Purpose To recognize patterns in daily physical activity and extract features from a large accelerometer data set using HMM.
Methods Accelerometer determined PA data with by minute readings for seven consecutive days using ActiGraph monitors was obtained from the National Health and Nutrition Examination Survey (NHANES) 2005-2006 data for 1312 participants, 47% male, aged 6-85 with an average age of 32.09 yrs. (SD = 22.07).

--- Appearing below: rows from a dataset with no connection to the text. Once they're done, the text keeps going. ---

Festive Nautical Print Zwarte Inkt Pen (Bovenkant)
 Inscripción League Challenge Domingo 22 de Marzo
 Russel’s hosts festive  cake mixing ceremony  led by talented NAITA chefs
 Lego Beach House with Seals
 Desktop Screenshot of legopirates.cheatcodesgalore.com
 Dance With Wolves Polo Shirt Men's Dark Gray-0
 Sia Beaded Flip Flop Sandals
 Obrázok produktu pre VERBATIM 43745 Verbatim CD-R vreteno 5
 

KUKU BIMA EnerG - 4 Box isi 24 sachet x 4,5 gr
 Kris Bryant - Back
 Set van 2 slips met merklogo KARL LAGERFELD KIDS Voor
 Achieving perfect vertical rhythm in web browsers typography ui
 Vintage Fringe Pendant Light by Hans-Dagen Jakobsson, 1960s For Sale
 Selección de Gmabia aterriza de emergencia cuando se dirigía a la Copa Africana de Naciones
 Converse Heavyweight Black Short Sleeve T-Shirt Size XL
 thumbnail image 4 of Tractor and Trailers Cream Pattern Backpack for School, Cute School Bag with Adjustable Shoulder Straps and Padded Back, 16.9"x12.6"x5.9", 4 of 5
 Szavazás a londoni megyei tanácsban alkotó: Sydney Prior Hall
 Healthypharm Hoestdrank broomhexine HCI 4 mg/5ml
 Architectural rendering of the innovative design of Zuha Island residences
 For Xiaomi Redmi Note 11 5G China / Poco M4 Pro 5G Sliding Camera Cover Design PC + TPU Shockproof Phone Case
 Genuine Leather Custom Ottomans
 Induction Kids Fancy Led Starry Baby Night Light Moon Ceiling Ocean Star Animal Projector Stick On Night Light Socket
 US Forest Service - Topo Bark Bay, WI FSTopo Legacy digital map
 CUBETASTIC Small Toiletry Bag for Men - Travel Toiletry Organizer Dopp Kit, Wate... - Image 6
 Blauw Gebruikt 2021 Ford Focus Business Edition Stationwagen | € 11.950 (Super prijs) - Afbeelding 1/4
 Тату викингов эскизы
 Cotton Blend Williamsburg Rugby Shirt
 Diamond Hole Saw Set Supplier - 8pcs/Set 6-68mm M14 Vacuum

For each subject, a four state Gaussian continuous HMM was fitted to the bivariate distribution of step and intensity counts to classify daily PA patterns
Results The data were classified into four categories via HMM: sleep or non-wear, low or sedentary, moderate and vigorous activity. Average step and intensity counts for each category were estimated for each subject. The probability of transitioning between each state was also estimated for each subject. For example, for the average woman performing a moderate activity, the probability that she will continue doing the activity is .5, while the probability that she will change to a sedentary activity is .15. For the average man, the probability of staying with the moderate activity is .62 and moving to a sedentary activity is .12. Thus, along with classification of PA on an individual basis, HMM offers additional information about the subjects’ behavior.
Conclusion Using HMM to identify sleep, sedentary, moderate and vigorous PA provides an individualized classification of the data and extraction of valuable features using both step and intensity counts.